Sunday, January 25, 2015

Life as Usual--Despite the Text?

January 25, 2015 

Dear Friends,

Because The Return of the Magi and The Flight into Egypt are such great stories I was tempted to make drama and intrigue the theme of today’s blog, but my sense of the importance of truth triumphed over my enjoyment of theater.

God did make the announcement of the Baby’s birth a big deal—heaven sent star works, angel choruses and careful identification of the Baby Himself—but after this initial announcement, God seemed to major in the ordinary. 

When Mary and Joseph went to the temple for the ordinary purification rites, Anna and Simeon had a somewhat startling message for them, but otherwise things went as would be expected for any ordinary first-born male. 

The family went back to Nazareth, and Joseph went back to work and Mary tended the house and the baby and life went on. There continued to be some gossip of course, mostly from those cousins of Joseph’s over by Cana [Hubbard’s footnote to the story—not in the Text]. 

But then those strange visitors came—camels, can you believe it?—and everything stopped being normal. The visitors brought impressive gifts, then left in a hurry rushing off in a very strange direction if they planned as they said to go home.  Then—in the middle of the night, mind you—sensible Joseph came in and said they were to get up and pack just the necessities because they were leaving for Egypt—Egypt!!!—immediately.

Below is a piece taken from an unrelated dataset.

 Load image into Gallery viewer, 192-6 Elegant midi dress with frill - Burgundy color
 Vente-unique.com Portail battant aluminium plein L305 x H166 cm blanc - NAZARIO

Then, after a long journey, there was a stretch of the uneventful again for Mary and Joseph and the Child. Life in Egypt was ordinary—well, almost ordinary.  Joseph’s cousin had family there in the large Jewish community near Alexandria [Hubbard addition—not in the Text] so they had help getting settled.

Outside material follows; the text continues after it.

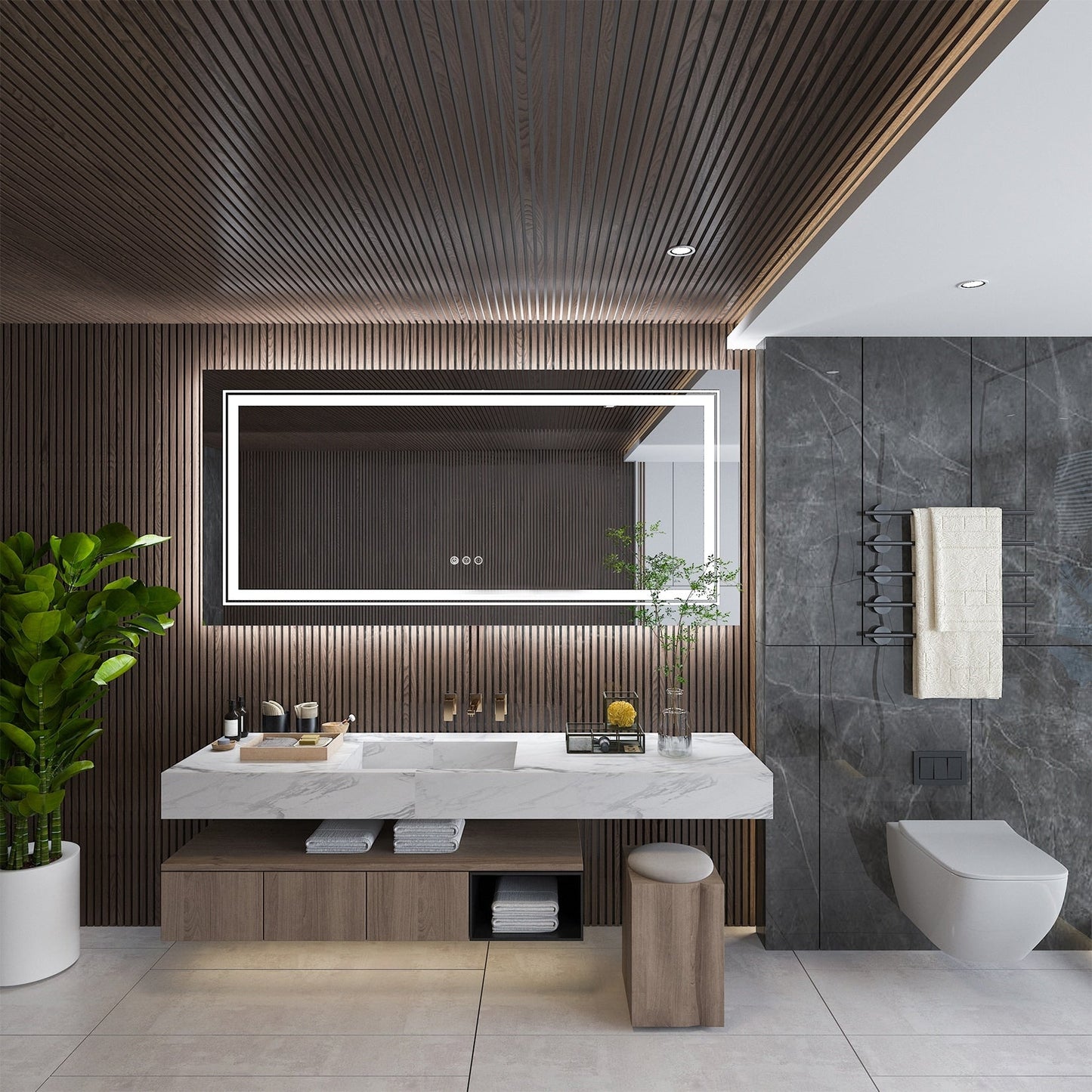 Grand miroir de salle de bain à éclairage LED, anti-buée, avec support mural, 3 couleurs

Behind them, there was a dreadful kind of ordinary in Bethlehem.  Insane with rage when he learned that the Magi had tricked him, Herod ordered all male babies two years of age or younger to be killed. Herod did not change—the alleged arrival of the Messiah simply triggered more cruelty and sacrifice of innocent life. Having been warned, Joseph kept the family in Egypt until Herod died, then returned to Nazareth. 

Certainly there are remarkable elements of drama in the story—and, as you saw, I could not resist the temptation to add a possible story-teller detail from place to place—but, overall, the bottom line is remarkable for the ordinary way in which the story unfolds: God comes to be with human-kind, and announces His arrival clearly so that it was difficult to make a mistake about the matter.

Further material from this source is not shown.